* Exercise directions
In the records below, the line with "Морозовская стачка" and every line after it must be written out exactly; no pictures belong in the result.

-- Task inputs follows --

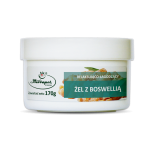 Żel Z BOSWELLIĄ 170g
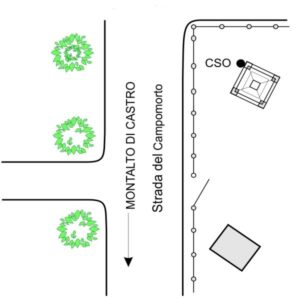 0026#_###_106P - STRADA DEL CAMPO MORTO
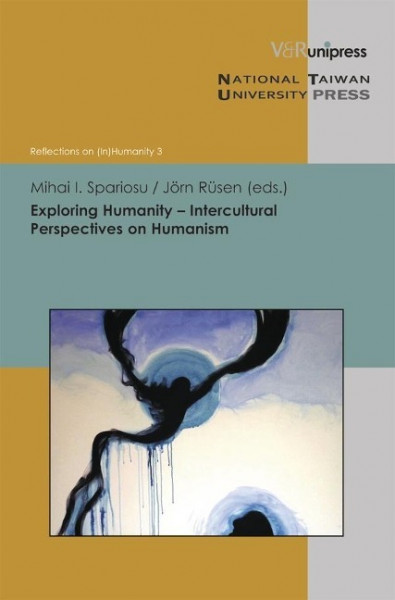 Exploring Humanity - Intercultural Perspectives on Humanism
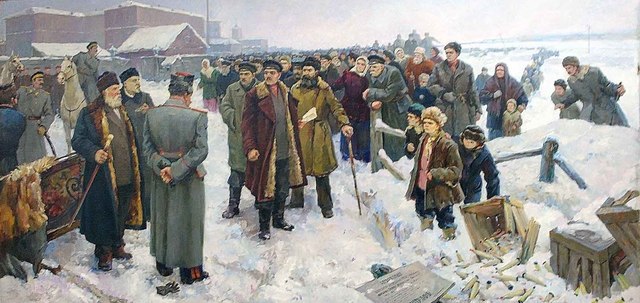 Морозовская стачка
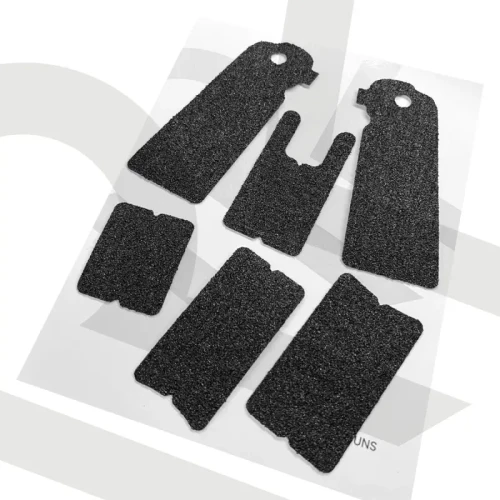Przejdź do produktu Grip Tape 2011 - Staccato / Prodigy / SPS Pantera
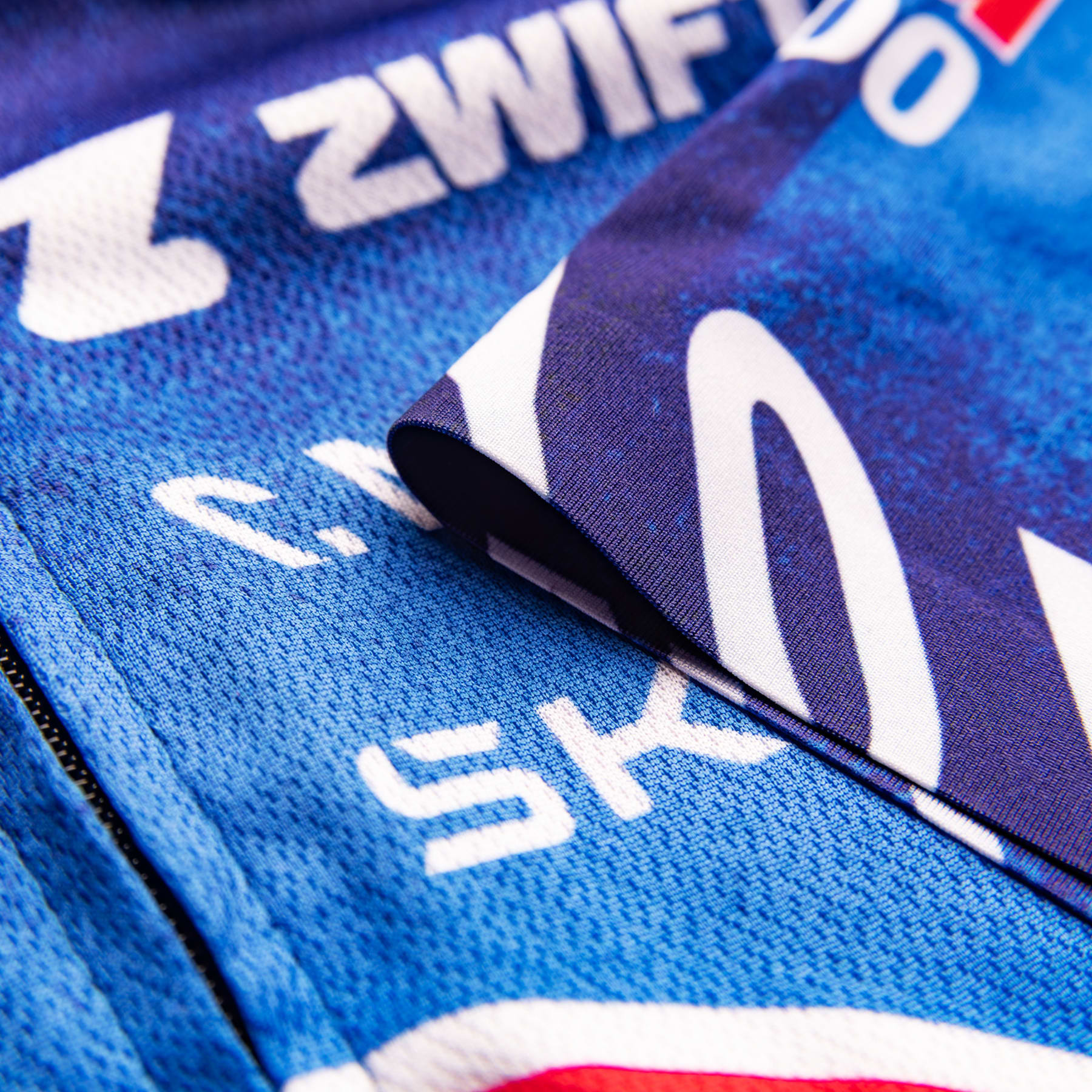 Alpecin-Premier Tech Men's Cycling Jersey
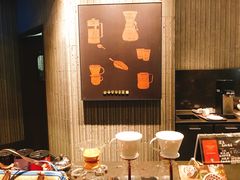 -星巴克(枣阳路店)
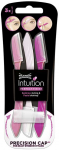 Wilkinson Sword Wilkinson Intuition Perfect Finish antakių lygintuvas
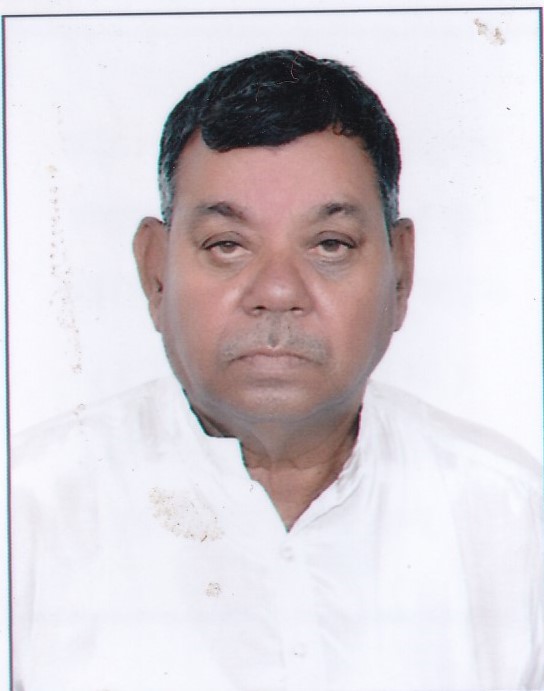 Babasaheb Wankhede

-- Task inputs concluded --

* Task output
 Морозовская стачка
Przejdź do produktu Grip Tape 2011 - Staccato / Prodigy / SPS Pantera
 Alpecin-Premier Tech Men's Cycling Jersey
 -星巴克(枣阳路店)
 Wilkinson Sword Wilkinson Intuition Perfect Finish antakių lygintuvas
 Babasaheb Wankhede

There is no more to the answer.